Cathy
Cathy
facilitates modeling a weighted probability distribution from which one can draw a sample. Say you
want to pick a realistic weather forecast and you know there's one sunny day for every two cloudy days and one
rainy day for every two sunny days. Cathy
will let you model this. But more importantly, Cathy
will let you
modify the probabilities on the fly (if you don't need an updatable distribution, I suggest you try
pick_me_too
, which is more efficient in this case).
Synopsis
require 'cathy'
cathy = Cathy.new
10.times { cathy.add :foo }
5.times { cathy.add :bar }
2.times { cathy.add :plugh }
10.times.map { cathy.pick }
20.times { cathy.add :plugh }
10.times.map { cathy.pick }
Installation
Install the gem and add to the application's Gemfile by executing:
$ bundle add cathy
If bundler is not being used to manage dependencies, install the gem by executing:
$ gem install cathy
Usage
See here for an example.
Cathy#new
Make an updatable probability distribution. In this state if you ask for a sample it will only give you nil
.
Cathy#add(thing)
Increase the frequency of thing
by one.
Cathy#pick
Draw a sample from the distribution given the frequencies seen so far.
Cathy#counts
Returns a map from things to their frequencies.
This is basically a serialization method.
Cathy.from_counts
Build a distribution from a map from things to their frequencies.

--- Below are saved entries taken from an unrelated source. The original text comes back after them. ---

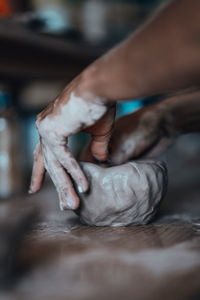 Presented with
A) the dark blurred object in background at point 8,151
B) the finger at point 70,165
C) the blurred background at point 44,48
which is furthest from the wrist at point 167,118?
the dark blurred object in background at point 8,151

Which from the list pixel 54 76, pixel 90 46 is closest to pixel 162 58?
pixel 90 46

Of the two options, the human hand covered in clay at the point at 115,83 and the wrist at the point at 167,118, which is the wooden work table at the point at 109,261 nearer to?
the human hand covered in clay at the point at 115,83

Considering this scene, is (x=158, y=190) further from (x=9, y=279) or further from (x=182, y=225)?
(x=9, y=279)

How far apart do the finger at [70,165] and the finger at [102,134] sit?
98 millimetres

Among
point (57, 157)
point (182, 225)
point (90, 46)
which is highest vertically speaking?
point (90, 46)

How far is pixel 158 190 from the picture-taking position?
87cm

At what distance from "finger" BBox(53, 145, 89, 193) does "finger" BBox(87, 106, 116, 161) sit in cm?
10

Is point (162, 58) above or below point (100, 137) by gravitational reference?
above

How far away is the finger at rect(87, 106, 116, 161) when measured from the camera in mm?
817

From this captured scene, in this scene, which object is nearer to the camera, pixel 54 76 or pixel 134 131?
pixel 134 131

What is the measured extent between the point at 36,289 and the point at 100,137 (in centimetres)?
44

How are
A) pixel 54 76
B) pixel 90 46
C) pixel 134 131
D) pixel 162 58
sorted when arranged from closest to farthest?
1. pixel 162 58
2. pixel 134 131
3. pixel 90 46
4. pixel 54 76

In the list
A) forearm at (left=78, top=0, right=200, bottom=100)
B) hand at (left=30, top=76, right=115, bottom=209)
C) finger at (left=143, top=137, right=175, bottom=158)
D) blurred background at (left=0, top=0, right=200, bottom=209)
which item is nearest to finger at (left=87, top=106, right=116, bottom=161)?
hand at (left=30, top=76, right=115, bottom=209)

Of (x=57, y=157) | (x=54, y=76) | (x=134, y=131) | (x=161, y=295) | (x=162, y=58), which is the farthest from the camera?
(x=54, y=76) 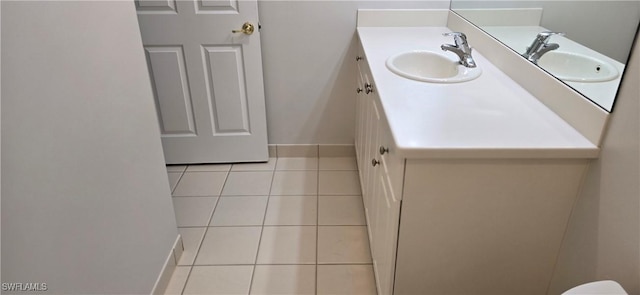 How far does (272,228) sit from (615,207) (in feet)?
4.94

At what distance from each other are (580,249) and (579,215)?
98 millimetres

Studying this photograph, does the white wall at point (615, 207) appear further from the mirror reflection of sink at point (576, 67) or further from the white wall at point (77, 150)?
the white wall at point (77, 150)

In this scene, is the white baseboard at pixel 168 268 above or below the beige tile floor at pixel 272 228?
above

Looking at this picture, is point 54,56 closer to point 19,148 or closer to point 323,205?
point 19,148

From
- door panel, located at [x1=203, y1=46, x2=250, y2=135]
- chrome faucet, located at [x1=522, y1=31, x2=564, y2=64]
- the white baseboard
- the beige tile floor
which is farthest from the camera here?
door panel, located at [x1=203, y1=46, x2=250, y2=135]

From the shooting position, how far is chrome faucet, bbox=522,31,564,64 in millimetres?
1432

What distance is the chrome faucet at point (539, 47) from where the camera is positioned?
4.70 ft

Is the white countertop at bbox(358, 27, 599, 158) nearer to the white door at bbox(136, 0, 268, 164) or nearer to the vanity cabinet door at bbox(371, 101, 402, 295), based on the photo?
the vanity cabinet door at bbox(371, 101, 402, 295)

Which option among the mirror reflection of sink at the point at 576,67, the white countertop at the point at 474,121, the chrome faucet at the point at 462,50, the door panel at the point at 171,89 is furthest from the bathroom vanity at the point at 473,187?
the door panel at the point at 171,89

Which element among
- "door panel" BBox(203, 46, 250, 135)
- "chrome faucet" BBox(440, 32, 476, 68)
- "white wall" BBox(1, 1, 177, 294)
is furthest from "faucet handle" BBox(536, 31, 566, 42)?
"door panel" BBox(203, 46, 250, 135)

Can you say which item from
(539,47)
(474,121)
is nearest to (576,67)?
(539,47)

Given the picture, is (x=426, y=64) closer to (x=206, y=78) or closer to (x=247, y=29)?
(x=247, y=29)

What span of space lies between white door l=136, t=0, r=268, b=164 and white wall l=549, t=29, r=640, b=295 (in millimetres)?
1843

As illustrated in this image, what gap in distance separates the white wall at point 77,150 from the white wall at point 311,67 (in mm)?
1115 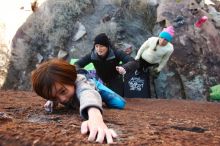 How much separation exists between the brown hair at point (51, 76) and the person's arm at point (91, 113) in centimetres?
11

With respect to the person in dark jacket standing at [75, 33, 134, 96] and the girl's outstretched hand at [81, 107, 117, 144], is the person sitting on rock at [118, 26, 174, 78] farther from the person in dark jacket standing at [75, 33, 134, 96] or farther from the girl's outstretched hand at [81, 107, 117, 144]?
the girl's outstretched hand at [81, 107, 117, 144]

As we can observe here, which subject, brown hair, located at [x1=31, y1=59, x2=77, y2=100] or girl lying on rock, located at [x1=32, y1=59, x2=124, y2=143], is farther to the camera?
brown hair, located at [x1=31, y1=59, x2=77, y2=100]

This is basically a deserialization method.
Contributing
Bug reports and pull requests are welcome on GitHub at https://github.com/[USERNAME]/cathy. This project is intended to be a safe, welcoming space for collaboration, and contributors are expected to adhere to the code of conduct.
License
The gem is available as open source under the terms of the MIT License.
Code of Conduct
Everyone interacting in the Cathy project's codebases, issue trackers, chat rooms and mailing lists is expected to follow the code of conduct.
Efficiency
My aim in writing this has been to be lean on memory usage and to use as few mathematical operations and fetches from memory as possible
when picking things. The underlying data structure is a heap, which allows drawing
a sample in sub-logarithmic time in the typical case using only integer subtraction, and comparison. Updating is similarly efficient.
Name
Cathy is named after Chatty Cathy. Why? Because the only time I wanted to have
this was when I made a chat bot for my kids to play with.
Also, naming is hard.
Acknowledgements
My wife Paula and son Jude have been exceedingly tolerant of my messing about with this silliness. Also, my co-workers at Green River have humored me.